This post happened to coincide with the meteoric rise of New York Knick basketball player, Jeremy Lin, who in spite of a stellar high school career, was not recruited by a major college basketball program. As some readers probably already know, Lin played high school basketball at Palo Alto High where he led his team to a 32-1 record and the Division II state championship. He dreamed of playing basketball at UCLA but attended Harvard because Harvard was the only school that guaranteed him a spot on the roster; the rest, including UCLA, Cal, and Stanford (which is literally right across the street from where Lin played high school basketball) invited him to try out as a walk-on. Evidently, scouts didn't think he was tall or fast enough to play college ball. It appears that they were wrong.
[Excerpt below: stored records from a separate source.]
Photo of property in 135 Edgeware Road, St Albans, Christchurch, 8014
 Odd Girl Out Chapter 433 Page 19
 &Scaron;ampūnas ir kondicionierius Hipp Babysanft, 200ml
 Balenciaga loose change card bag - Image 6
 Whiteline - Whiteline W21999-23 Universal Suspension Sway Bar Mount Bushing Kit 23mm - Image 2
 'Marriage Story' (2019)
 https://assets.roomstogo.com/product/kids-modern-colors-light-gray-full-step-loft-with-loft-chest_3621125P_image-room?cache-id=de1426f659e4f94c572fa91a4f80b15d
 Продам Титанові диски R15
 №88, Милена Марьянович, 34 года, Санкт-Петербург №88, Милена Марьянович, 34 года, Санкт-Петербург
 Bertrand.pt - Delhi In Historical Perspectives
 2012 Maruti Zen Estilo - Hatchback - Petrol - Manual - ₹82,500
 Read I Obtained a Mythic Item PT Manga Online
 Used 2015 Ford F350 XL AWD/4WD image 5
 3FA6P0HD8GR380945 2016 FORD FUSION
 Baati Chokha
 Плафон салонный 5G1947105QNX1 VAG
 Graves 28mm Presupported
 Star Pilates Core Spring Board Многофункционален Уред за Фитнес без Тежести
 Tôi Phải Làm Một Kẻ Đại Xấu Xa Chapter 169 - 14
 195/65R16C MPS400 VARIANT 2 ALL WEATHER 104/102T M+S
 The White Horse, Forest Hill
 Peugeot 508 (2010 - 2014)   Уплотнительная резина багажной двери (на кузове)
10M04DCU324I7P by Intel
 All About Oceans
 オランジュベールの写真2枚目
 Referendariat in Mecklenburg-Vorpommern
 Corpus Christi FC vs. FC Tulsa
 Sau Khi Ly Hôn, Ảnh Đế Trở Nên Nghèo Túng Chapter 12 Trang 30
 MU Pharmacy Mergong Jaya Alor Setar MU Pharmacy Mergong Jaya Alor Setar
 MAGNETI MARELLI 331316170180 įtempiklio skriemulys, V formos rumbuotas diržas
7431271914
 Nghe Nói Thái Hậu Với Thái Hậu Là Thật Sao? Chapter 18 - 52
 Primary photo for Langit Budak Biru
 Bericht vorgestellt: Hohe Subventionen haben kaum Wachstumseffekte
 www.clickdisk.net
Lin is not the only high school star who talent was missed by the experts. Take Aaron Rogers, for example.  He dreamed of playing for Bobby Bowden at Florida State, but Bowden wasn't interested. Rogers almost "retired" after high school to pursue a career in Law, but he decided to give it one more shot, and went to play at the local junior college where, as he did in high school, he set a number of records. This time the Cal Bears noticed and recruited him to play there where he became a star. He, of course, was drafted by the Green Bay Packers where played behind Bret Farve for a few years (lucky for him he didn't have to play for Mike Nolan in San Francisco) and then became the team's starting quarterback. And just in case you missed it, the Packers won the Super Bowl in February 2011, and this past season he was selected as the NFL's MVP. I bet he's glad he didn't become a lawyer (not to mention Packer fans).

And then there's Golden State Warrior guard Stephen Curry. In high school he led his team to three conference titles and three state playoff appearances and was named all-state, all-conference, and the team's MVP. He wanted to play basketball at Virginia Tech, which is where his Dad had played and starred, but he was only 6'1"at the time and the Hokies weren't interested and only offered him a chance to make the team as a walk-on. In fact, Curry didn't receive an offer from any major college program. Consequently, he ended up at Davidson College, which before he arrived, hadn't won a NCAA tournament game since 1969. While there he led Davidson to the NCAA tournament and was a first-team All-America selection. Not bad for a guy who wasn't good enough to play for the Hokies.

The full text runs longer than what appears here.